Brief descriptive captions:
= = =

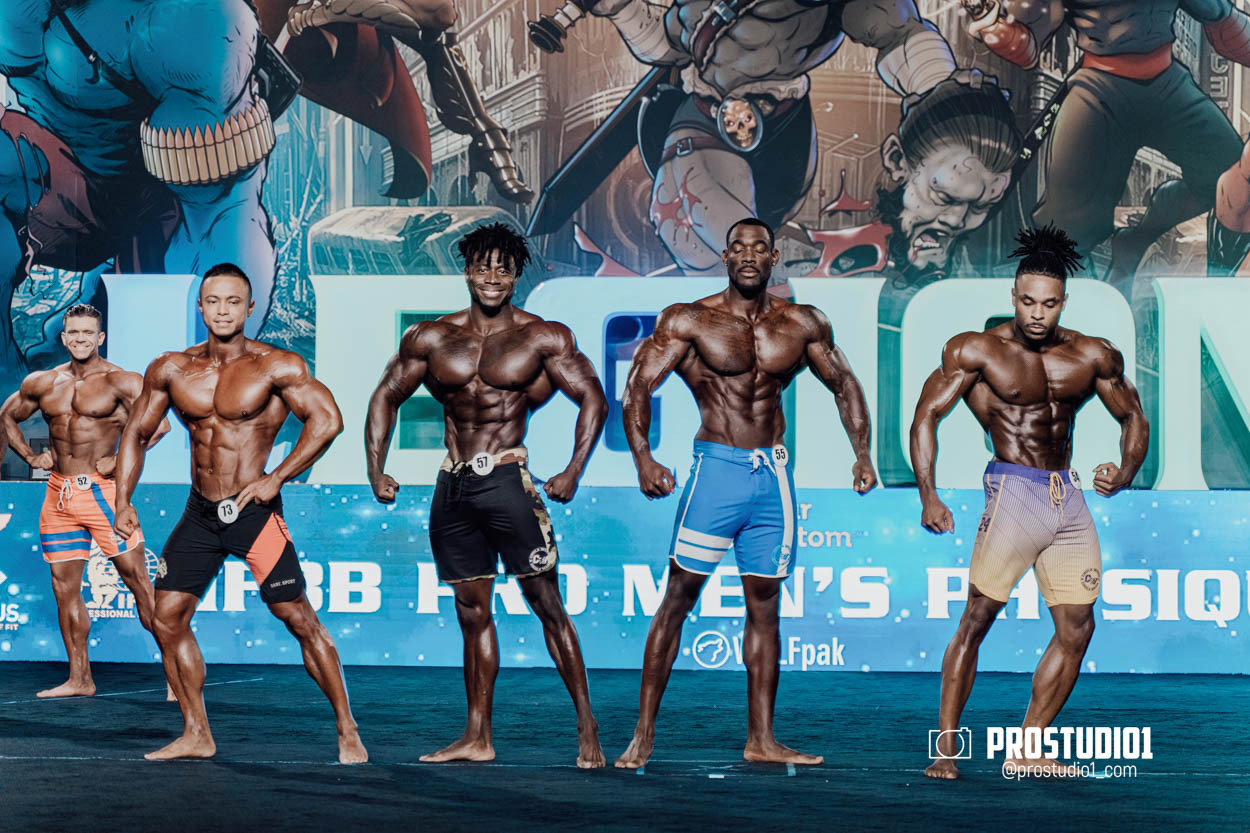 MEN’S PHYSIQUE. Photo & Video Production Studio #1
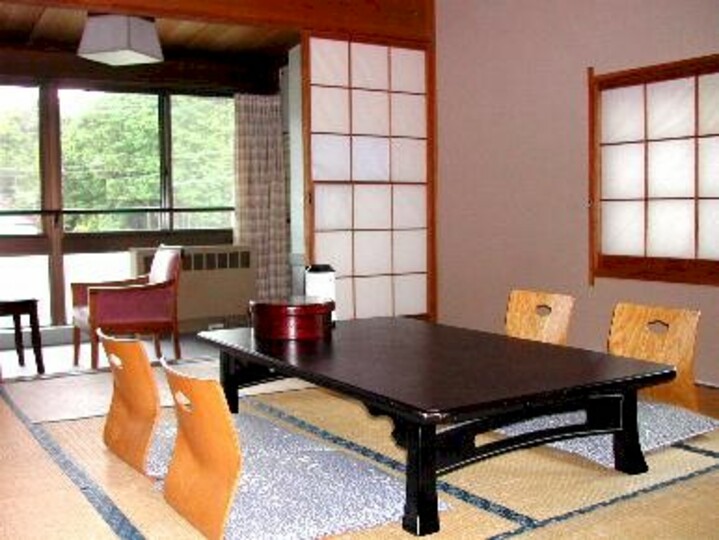  ★静かな角部屋★Ｓタイプ（10帖/3帖附室/トイレ付き） 
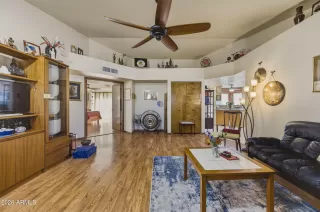 Photo #6: 6992332 Listing 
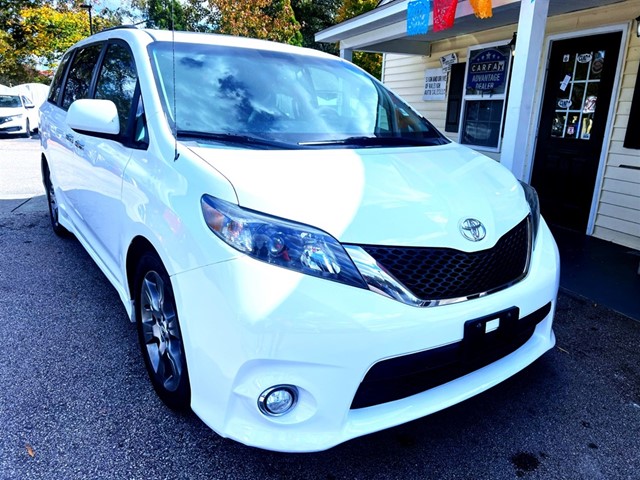 Toyota Sienna LE AWD 7-Passenger V6 in Raleigh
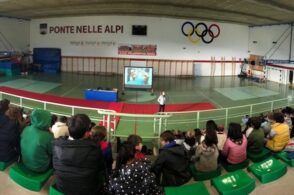Palestra delle elementari: riqualificazione e giù le barriere architettoniche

= = =

Exercise description: Copy the entries exactly. Leave out the images.

Answer below:
 MEN’S PHYSIQUE. Photo & Video Production Studio #1
  ★静かな角部屋★Ｓタイプ（10帖/3帖附室/トイレ付き） 
 Photo #6: 6992332 Listing 
 Toyota Sienna LE AWD 7-Passenger V6 in Raleigh
Palestra delle elementari: riqualificazione e giù le barriere architettoniche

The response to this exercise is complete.